▸ **Assignment**
The answer should contain only the lines from the beginning of the entries through the line that holds "Sfara gewinnt German", given again exactly, with no pictures.

▸ **Working data**
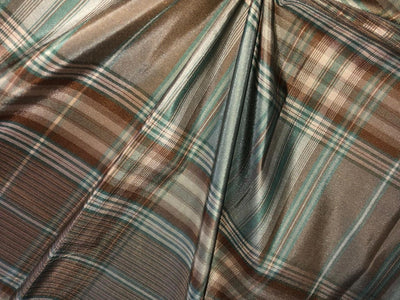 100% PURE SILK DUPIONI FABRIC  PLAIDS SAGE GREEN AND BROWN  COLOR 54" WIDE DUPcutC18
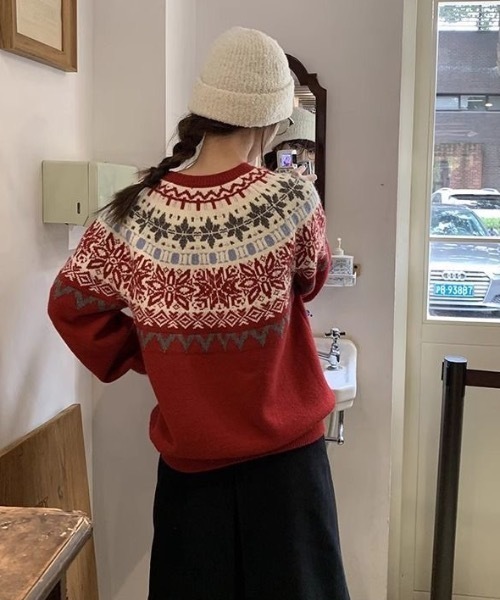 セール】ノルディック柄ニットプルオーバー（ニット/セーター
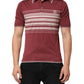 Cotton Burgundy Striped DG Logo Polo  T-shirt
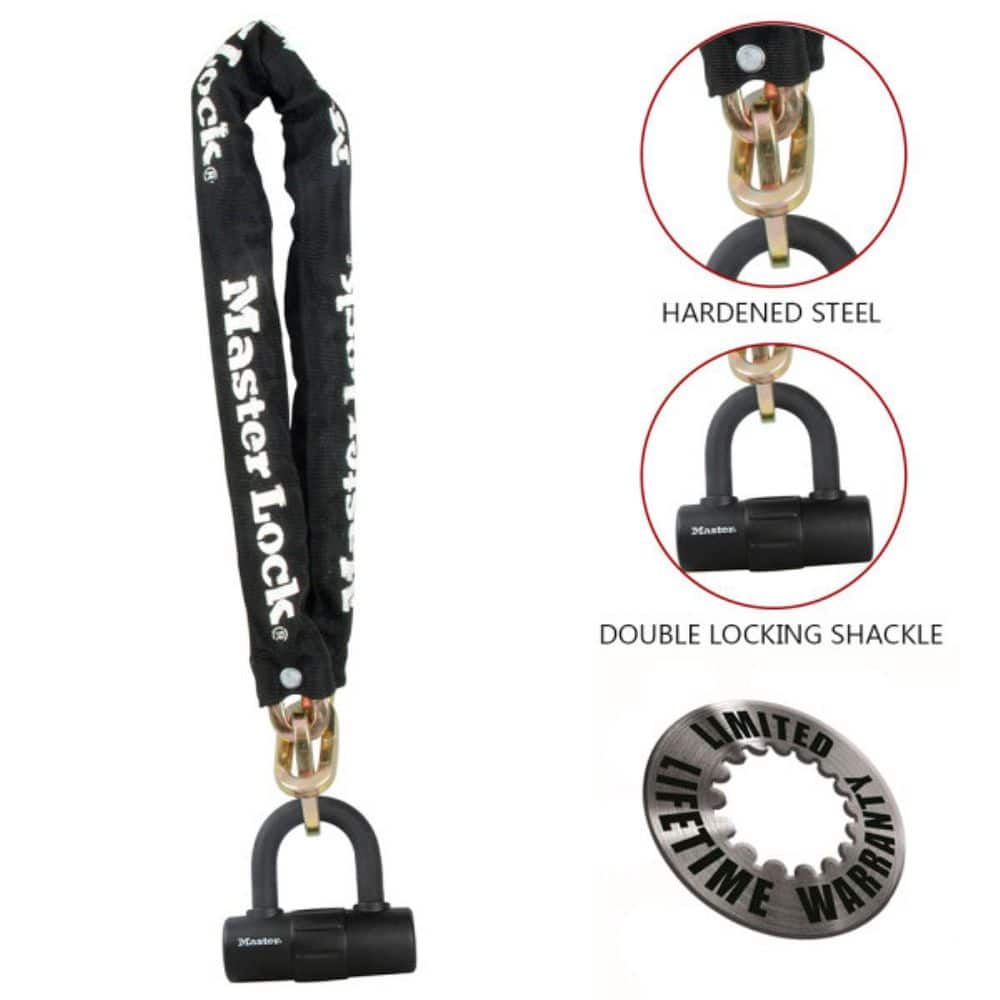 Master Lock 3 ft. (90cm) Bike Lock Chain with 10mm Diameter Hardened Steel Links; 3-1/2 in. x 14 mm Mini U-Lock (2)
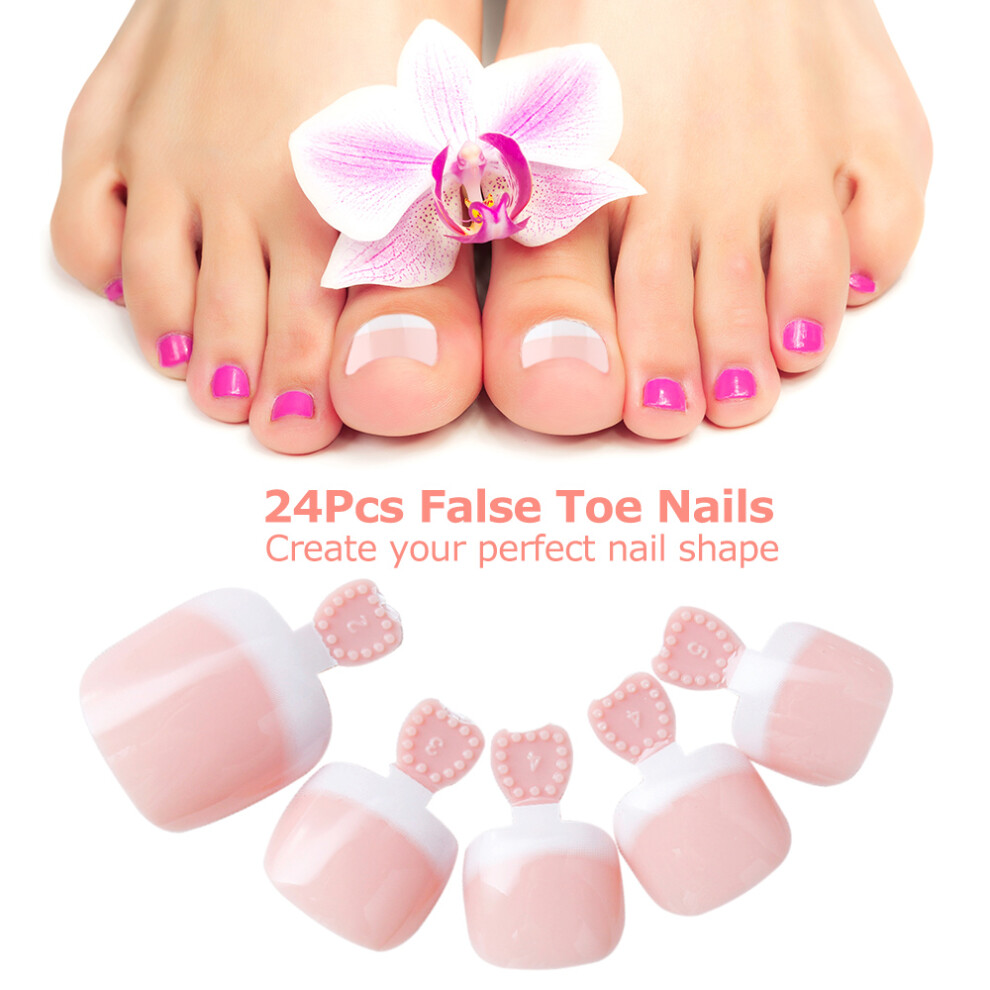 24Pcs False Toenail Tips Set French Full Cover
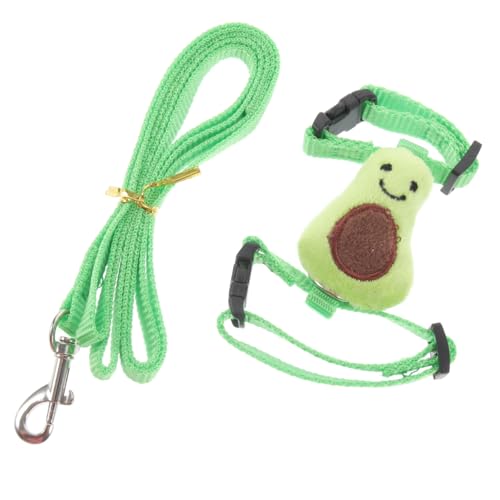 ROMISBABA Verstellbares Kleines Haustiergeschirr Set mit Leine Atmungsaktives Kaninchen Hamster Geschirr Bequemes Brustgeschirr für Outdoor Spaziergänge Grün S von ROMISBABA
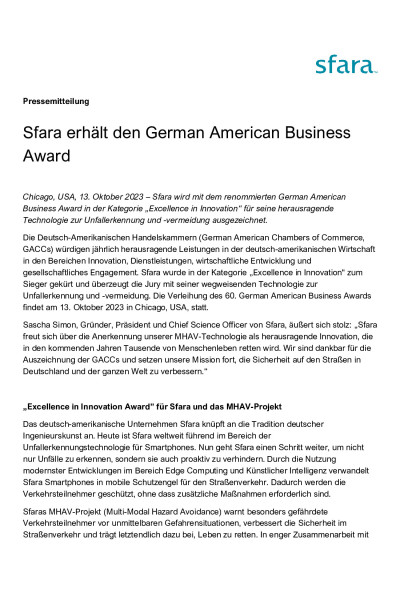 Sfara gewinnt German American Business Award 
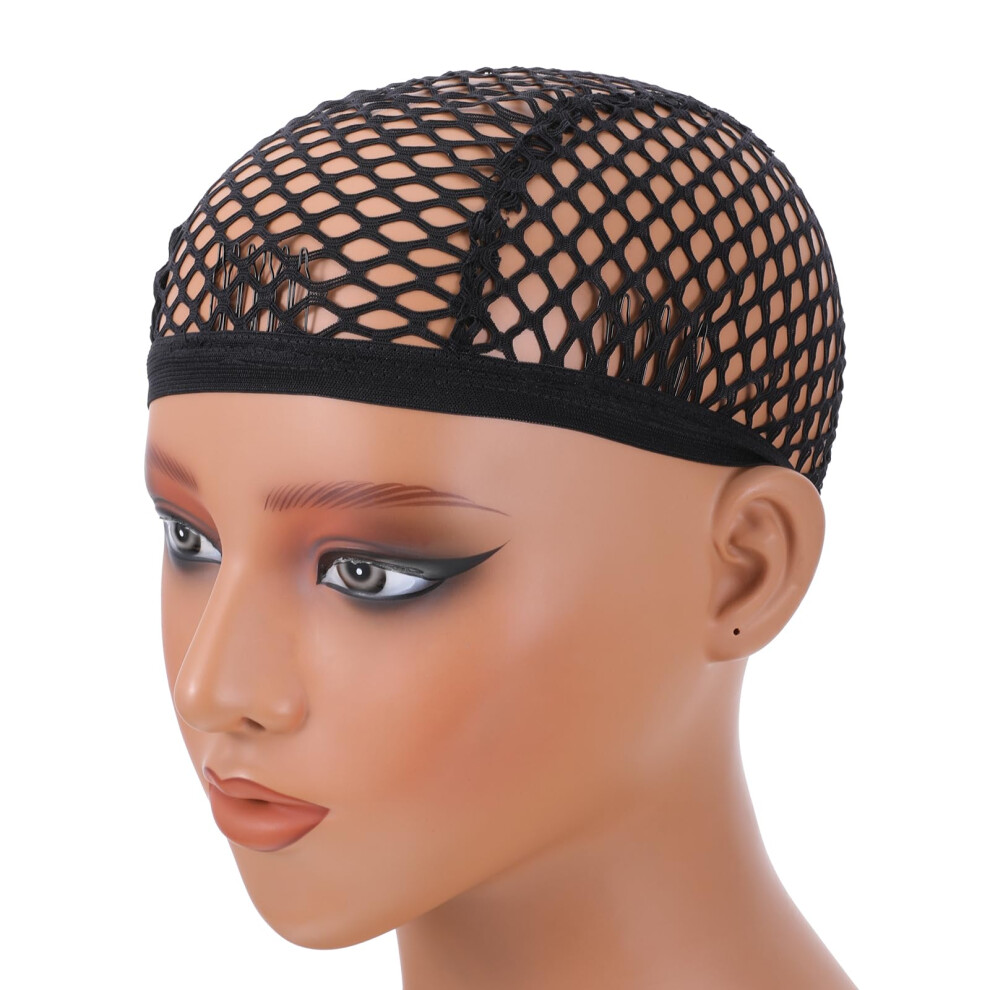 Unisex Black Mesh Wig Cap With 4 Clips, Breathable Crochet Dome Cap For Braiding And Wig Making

▸ **Your solution**
 100% PURE SILK DUPIONI FABRIC  PLAIDS SAGE GREEN AND BROWN  COLOR 54" WIDE DUPcutC18
 セール】ノルディック柄ニットプルオーバー（ニット/セーター
 Cotton Burgundy Striped DG Logo Polo  T-shirt
 Master Lock 3 ft. (90cm) Bike Lock Chain with 10mm Diameter Hardened Steel Links; 3-1/2 in. x 14 mm Mini U-Lock (2)
 24Pcs False Toenail Tips Set French Full Cover
 ROMISBABA Verstellbares Kleines Haustiergeschirr Set mit Leine Atmungsaktives Kaninchen Hamster Geschirr Bequemes Brustgeschirr für Outdoor Spaziergänge Grün S von ROMISBABA
 Sfara gewinnt German American Business Award 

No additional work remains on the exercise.